Set of scripts for processing RNAseq data files.
Converts qseq sequence files to fastq files.
Usage: python3 convert_qseq_to_fastq -i [input qseq file] -o [output fastq file] [options]
Written in python 3.
Assumes qseq files are formatted like those from UCLA's BSCRC sequencing core: tab-separated file, columns are: instrument name, run ID, lane number, tile number, x coordinate, y coordinate, index, end number, read, quality scores, and filter (1=passes, 0 = fails).

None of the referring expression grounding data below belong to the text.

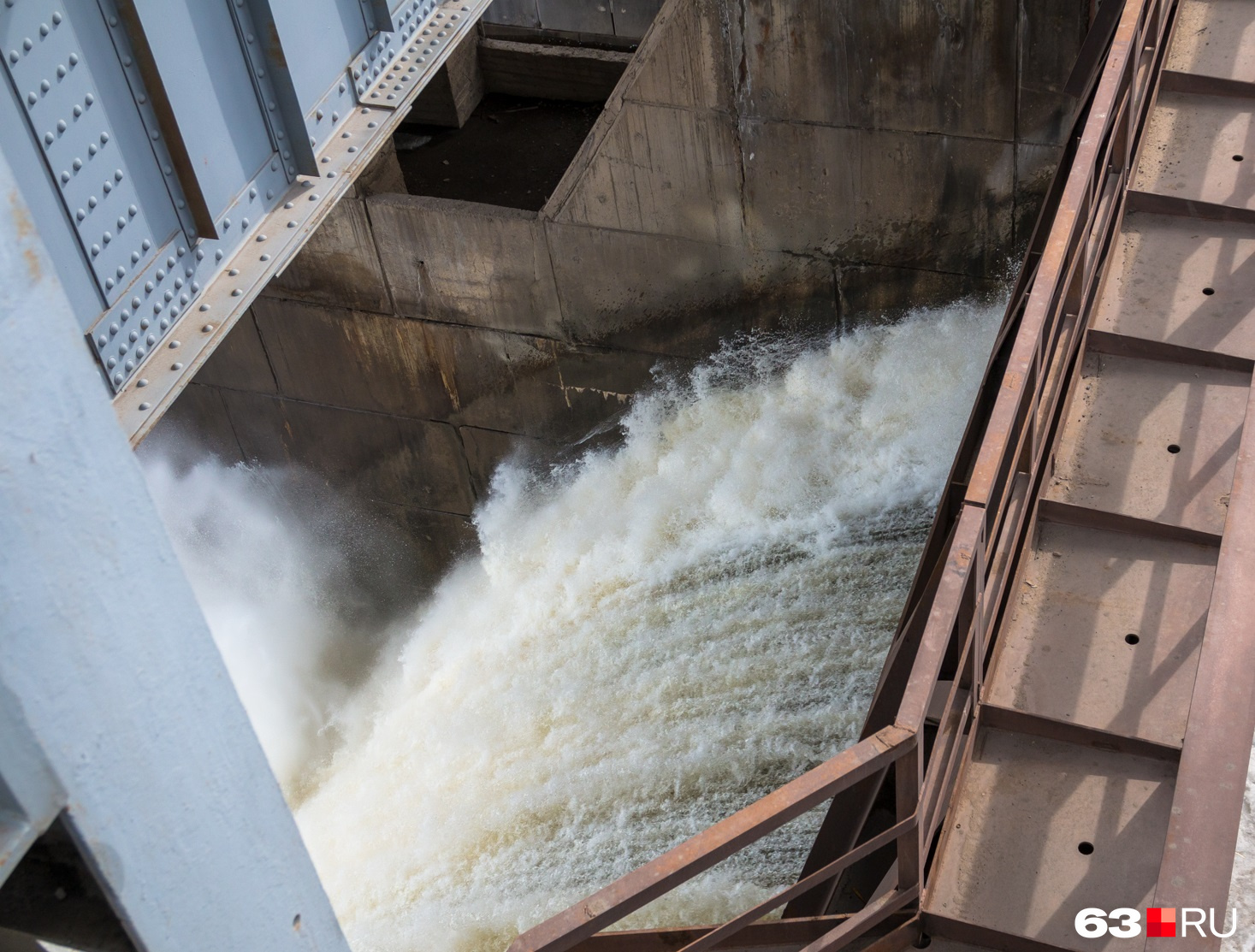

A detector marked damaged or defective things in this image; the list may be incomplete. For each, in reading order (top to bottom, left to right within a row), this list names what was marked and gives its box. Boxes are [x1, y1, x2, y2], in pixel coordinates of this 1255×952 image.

rusty metal railing [499, 2, 1175, 952]
rusty steel walkway [504, 2, 1255, 952] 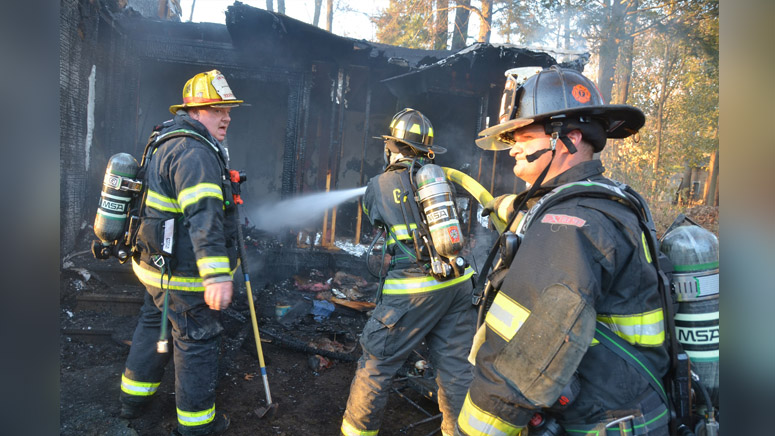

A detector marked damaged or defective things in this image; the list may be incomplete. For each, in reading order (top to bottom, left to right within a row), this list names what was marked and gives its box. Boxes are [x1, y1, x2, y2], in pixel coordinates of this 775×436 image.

burned building [60, 0, 588, 262] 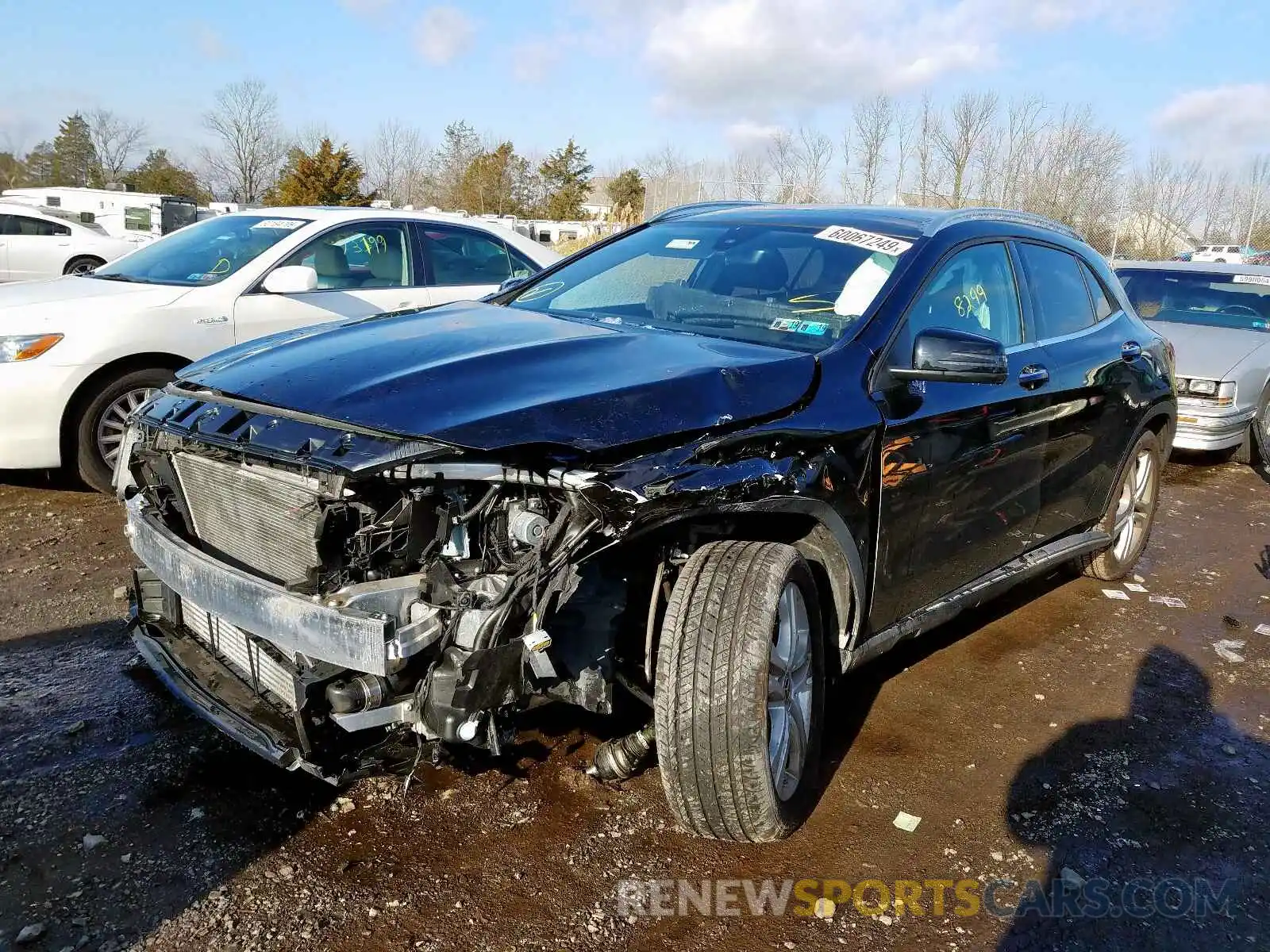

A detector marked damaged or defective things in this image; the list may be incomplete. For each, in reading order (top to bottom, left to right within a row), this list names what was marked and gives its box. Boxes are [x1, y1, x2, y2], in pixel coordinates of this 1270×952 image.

crumpled hood [0, 278, 191, 328]
crumpled hood [176, 305, 813, 454]
crumpled hood [1149, 321, 1270, 379]
broken bumper [125, 495, 392, 673]
crumpled front end [117, 387, 641, 781]
damaged black suv [119, 205, 1168, 844]
broken bumper [133, 619, 327, 781]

Can take gzipped or uncompressed files as input.
Can filter out reads that fail the Illumina quality filter (default), or keep them in the output (option --nofilter).
Demultiplexes fastq files - reads with the same barcode sequence are output to the same fastq files.
Usage: python3 demultiplexer.py ['set_A' or 'set_B'] ['paired' or 'single'] [path to directory with files]
This works with paired-end or single-end reads, and gzipped or uncompressed files.
It will identify Illumia TruSeq LT set A or set B indices, depending on which you specify. (Info about barcode sequences here: http://web.archive.org/web/20160327094802/http://support.illumina.com:80/content/dam/illumina-support/documents/documentation/chemistry_documentation/samplepreps_truseq/truseqsampleprep/truseq-library-prep-pooling-guide-15042173-01.pdf)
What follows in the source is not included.